0

I'm curious in how is MySQL implemented it's range columns partitioning, especially in how MySQL extracts the values from SQL, to compare with partition values range.

For example, create a table like this:

CREATE TABLE t (a INT, b INT, c INT)
PARTITION BY RANGE COLUMNS(a, b) (
  PARTITION p0 VALUES LESS THAN (10, 10),
  PARTITION p1 VALUES LESS THAN (10, 15),
  PARTITION p1 VALUES LESS THAN (20, 20),
  PARTITION p2 VALUES LESS THAN (MAXVALUE, MAXVALUE),
)

When provided with a query with complex filters like SELECT * FROM t WHERE a < 10 AND b > 10, MySQL should scan only partition p1; when provided with SELECT * FROM t WHERE a < 10 AND b > 100, partitions p0 and p1 are scanned.

It's clearly we can't naively break the filter into sub expressions and run the partition selection each separately. For example, we can't break a < 10 AND b > 10 into a < 10 and b > 10, compare them with ranges (10, 10), (10, 15), (20, 20), (MAXVALUE, MAXVALUE), find partitions each, then joins the result.
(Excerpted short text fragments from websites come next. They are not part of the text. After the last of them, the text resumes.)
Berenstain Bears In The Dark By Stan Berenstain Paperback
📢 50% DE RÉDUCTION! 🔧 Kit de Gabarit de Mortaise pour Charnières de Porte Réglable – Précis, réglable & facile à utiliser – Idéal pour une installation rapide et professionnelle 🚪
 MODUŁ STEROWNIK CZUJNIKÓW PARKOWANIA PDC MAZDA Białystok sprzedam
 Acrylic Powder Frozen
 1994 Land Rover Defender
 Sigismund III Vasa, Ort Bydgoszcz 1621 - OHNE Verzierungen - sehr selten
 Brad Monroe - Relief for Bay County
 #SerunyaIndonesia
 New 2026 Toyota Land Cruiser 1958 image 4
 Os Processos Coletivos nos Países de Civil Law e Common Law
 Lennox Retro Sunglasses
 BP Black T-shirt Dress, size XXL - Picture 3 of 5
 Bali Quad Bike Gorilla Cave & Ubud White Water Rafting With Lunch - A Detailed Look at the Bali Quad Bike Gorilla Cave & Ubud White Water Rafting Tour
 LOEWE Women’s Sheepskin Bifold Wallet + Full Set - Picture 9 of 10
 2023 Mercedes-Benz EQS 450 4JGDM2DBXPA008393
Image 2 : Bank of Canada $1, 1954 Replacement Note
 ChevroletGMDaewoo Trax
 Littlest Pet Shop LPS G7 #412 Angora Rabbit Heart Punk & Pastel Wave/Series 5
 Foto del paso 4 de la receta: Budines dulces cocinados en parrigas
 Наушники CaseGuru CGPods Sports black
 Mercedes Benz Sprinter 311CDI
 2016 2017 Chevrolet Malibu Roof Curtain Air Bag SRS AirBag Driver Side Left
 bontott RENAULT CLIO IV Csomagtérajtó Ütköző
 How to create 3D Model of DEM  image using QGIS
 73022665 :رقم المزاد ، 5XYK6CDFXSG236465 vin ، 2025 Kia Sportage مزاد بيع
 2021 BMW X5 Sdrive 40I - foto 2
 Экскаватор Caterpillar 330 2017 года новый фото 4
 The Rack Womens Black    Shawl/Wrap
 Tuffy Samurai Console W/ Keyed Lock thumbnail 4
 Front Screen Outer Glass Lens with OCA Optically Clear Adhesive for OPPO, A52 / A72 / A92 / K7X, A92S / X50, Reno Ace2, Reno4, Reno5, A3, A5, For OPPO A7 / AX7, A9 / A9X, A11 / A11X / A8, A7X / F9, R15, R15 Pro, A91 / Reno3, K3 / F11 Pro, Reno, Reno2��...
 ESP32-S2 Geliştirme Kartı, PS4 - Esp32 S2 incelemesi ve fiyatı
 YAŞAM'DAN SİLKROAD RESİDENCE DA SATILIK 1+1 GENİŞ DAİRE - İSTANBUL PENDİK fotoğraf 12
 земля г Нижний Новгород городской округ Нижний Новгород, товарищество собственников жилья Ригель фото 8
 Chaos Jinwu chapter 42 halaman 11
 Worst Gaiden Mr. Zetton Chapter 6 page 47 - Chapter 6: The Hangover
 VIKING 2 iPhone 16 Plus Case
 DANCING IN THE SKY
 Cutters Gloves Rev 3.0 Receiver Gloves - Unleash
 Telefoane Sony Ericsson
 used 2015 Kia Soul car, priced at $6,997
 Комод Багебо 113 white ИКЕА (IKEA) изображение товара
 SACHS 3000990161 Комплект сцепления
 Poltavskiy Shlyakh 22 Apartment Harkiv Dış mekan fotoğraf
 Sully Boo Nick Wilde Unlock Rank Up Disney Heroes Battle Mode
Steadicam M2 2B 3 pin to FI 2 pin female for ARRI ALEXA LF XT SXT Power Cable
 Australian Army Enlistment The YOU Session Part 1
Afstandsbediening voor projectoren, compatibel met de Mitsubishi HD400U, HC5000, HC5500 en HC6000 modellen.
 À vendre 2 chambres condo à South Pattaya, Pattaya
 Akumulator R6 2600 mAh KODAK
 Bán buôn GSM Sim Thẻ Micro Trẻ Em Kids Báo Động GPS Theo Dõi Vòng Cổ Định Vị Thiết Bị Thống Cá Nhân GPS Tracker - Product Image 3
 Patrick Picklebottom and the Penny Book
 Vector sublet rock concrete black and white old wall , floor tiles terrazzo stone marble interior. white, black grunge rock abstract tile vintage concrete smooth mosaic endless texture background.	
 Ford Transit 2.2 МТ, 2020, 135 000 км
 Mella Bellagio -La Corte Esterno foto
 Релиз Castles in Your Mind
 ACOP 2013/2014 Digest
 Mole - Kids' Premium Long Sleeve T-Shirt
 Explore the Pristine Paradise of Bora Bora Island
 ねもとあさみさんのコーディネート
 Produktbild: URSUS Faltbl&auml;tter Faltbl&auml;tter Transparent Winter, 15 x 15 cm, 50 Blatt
PS: This often cause misunderstanding of partition selection.

Instead, we have to use both a and b as a tuple (a, b) to compare with partition ranges. However, it seems very hard to extract their values to form the tuple from SQL filters mixed with sub-queries, joins and complex logical operations like a < 10 AND (a < 20 OR b < 20) OR b > 100. I can't help wondering how MySQL implemented it. Thanks in advance!

bayinamy
  • 487
  • 4
  • 14

1 Answers1

0

I believe your interpretation of the ranges is mistaken.

Let's switch to lastname and firstname instead of numbers. Then, thinking of a list of people sorted by last and first:

('James', 'Rick') comes after  ('James', 'Adam')
('James', 'Rick') comes before ('James', 'Zack')

and also

('Smith', '...') comes after ('James', '...')

regardless of firstname.

In other words, x comes after y if and only if

x.lastname >= y.lastname
    AND ( x.lastname > y.lastname OR
          x.firstname > y.firstname )

or, equivalently,

x.lastname > y.lastname
    OR ( x.lastname = y.lastname AND
         x.firstname > y.firstname )

It does not simply test each column separately.

This is also the way that

ORDER BY lastname, firstname

works.

What is the goal of the table?? There is likely to be no performance advantage in Partitioning with tuples.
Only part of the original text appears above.